▸ Work request
Take every line from the entries below that includes the word "Gray" and copy it.

[Data for the task — start]

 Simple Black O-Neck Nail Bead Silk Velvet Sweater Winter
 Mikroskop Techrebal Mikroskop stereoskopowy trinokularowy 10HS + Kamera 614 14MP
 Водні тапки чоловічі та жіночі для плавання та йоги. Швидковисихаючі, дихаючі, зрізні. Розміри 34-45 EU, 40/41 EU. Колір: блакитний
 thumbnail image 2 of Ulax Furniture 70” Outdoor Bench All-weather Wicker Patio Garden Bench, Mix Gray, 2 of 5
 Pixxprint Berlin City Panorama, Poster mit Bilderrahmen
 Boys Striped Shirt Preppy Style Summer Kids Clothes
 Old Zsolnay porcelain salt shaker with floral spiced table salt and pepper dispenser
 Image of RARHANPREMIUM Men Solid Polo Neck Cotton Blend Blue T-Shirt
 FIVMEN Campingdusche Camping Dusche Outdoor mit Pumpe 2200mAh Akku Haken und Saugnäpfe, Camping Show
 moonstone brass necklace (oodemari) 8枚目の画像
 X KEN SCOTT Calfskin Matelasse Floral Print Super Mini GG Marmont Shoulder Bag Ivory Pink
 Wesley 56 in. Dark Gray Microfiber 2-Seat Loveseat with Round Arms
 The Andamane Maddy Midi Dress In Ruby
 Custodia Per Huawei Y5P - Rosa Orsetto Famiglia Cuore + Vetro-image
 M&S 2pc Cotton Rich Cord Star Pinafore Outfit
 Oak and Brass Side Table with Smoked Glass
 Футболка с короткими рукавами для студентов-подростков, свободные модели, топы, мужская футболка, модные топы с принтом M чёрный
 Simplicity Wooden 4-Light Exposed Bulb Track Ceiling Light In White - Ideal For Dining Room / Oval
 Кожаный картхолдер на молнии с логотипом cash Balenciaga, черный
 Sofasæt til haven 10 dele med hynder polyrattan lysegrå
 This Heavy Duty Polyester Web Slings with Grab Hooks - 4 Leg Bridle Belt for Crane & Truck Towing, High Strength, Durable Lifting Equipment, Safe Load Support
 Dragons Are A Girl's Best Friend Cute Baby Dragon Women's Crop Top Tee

[Data for the task — finish]

▸ Worked solution
 thumbnail image 2 of Ulax Furniture 70” Outdoor Bench All-weather Wicker Patio Garden Bench, Mix Gray, 2 of 5
 Wesley 56 in. Dark Gray Microfiber 2-Seat Loveseat with Round Arms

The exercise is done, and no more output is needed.